O meu irmão ia depois subir ao palco para tocar guitarra numa “jam
session” de “blues”. Os dois “solos” de guitarra que nos
presenteou foram complexos e dignos de registo. De regresso ao Hotel
de táxi, a chuva de pingos frios fez-se sentir numa Madrid molhada
em noite de romance.
No dia seguinte, as “calles” asseadas, o ceú limpo e sol impeliram-nos até à Praça “Colón”, onde está a homenagem ao Cristóvão Colombo, aí claro reclamado espanhol e não português de Cuba. De lá avistámos a Praça “Cibeles”, onde tantas vezes se gravam as peças dos enviados especiais da televisão. Com objetivo em mente de aí ingressar num autocarro turístico, aguardámos na paragem ali mais próxima. Os bilhetes não eram convidativos, pelo seu preço e pelos vários cortes no trajeto habitual devido às manifestações no centro.
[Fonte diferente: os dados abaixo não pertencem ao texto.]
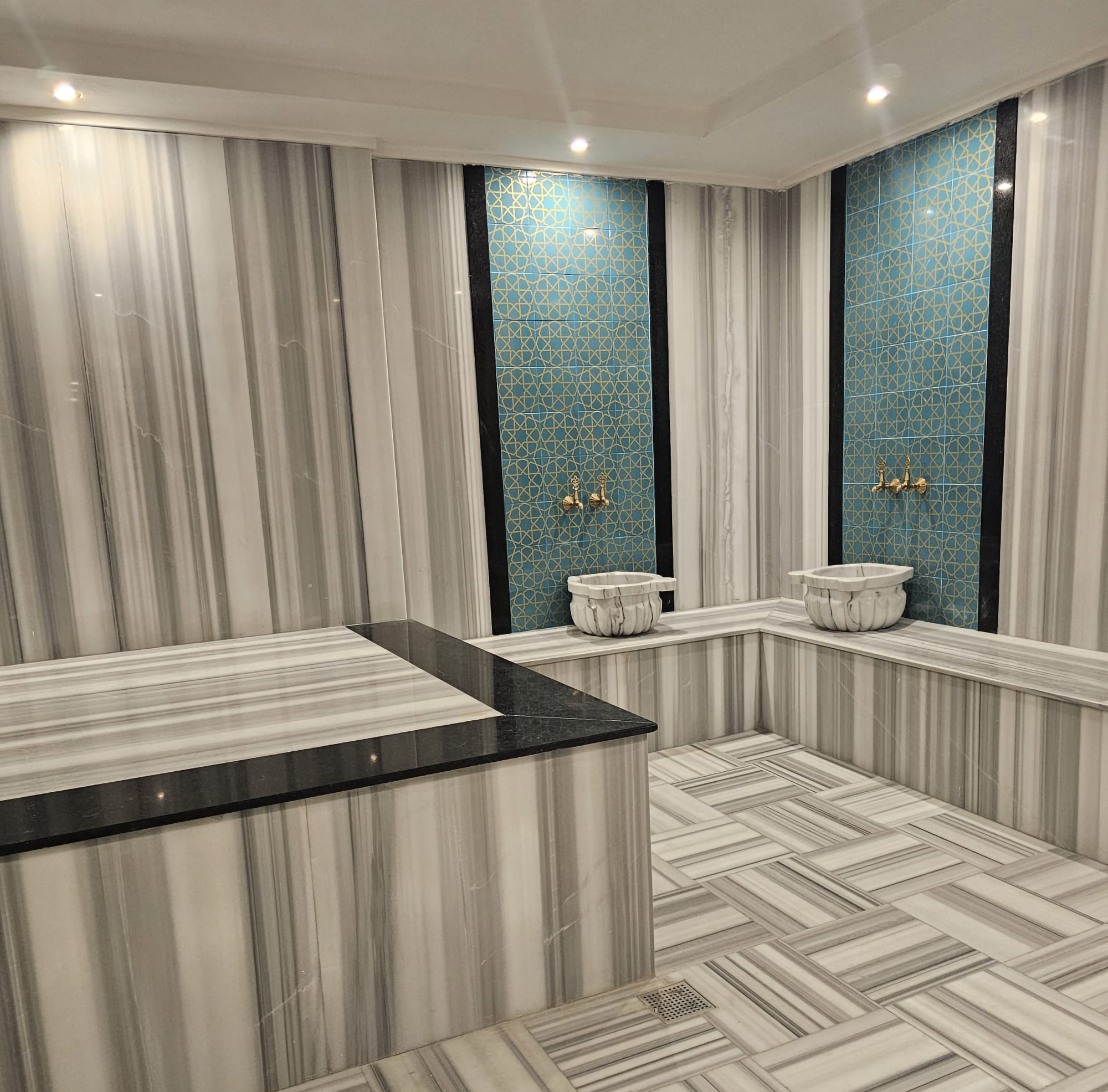 Moderne 1+1 leilighet med fjellutsikt i Avsallar, Alanya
Mas aguardámos na paragem. Um numeroso grupo familiar espanhol apoderou-se do espaço na paragem, passando-nos à frente, e quando o autocarro chegou, subiram primeiro. Quando chegou a nossa vez de comprar os bilhetes a motorista pergunta-me: “Están com esta familia?” Ao que retorqui com a verdade. Momento então que me dizem que já não há lugares. O embate foi desnecessário e injusto, pois fica a estupidez no ar derivada de se que fizéssemos parte do grupo, então já haveria lugar para mais dois. A matemática não pode enganar. E claro que não recomendo este serviço turístico da cidade. De todo. Por dois motivos: - Primeiro porque só existe praticamente um serviço que resulta de uma parceria entre duas das maiores empresas de transporte de pessoas em Espanha. Ou seja, não há concorrência ao contrário de Lisboa. - Depois porque o preço é exorbitante. Além do mais, muitos hotéis só sabem dar informações sobre este serviço. Poderia ser por ser bom, mas não. Antes parecia um suave cartel. Achara que o áudio-guia que se ouve neste transporte valeria a pena, mas novamente o péssimo atendimento ao turista da cidade, impele-me a desaconselhar. Como alternativa, e como já eram quase as 14 horas locais, pegámos no carro e seguimos nós o trajeto demarcado no mapa do prospeto daquela mesma empresa. Numa lógica “faça você mesmo” que confesso, me devia ter logo lembrado.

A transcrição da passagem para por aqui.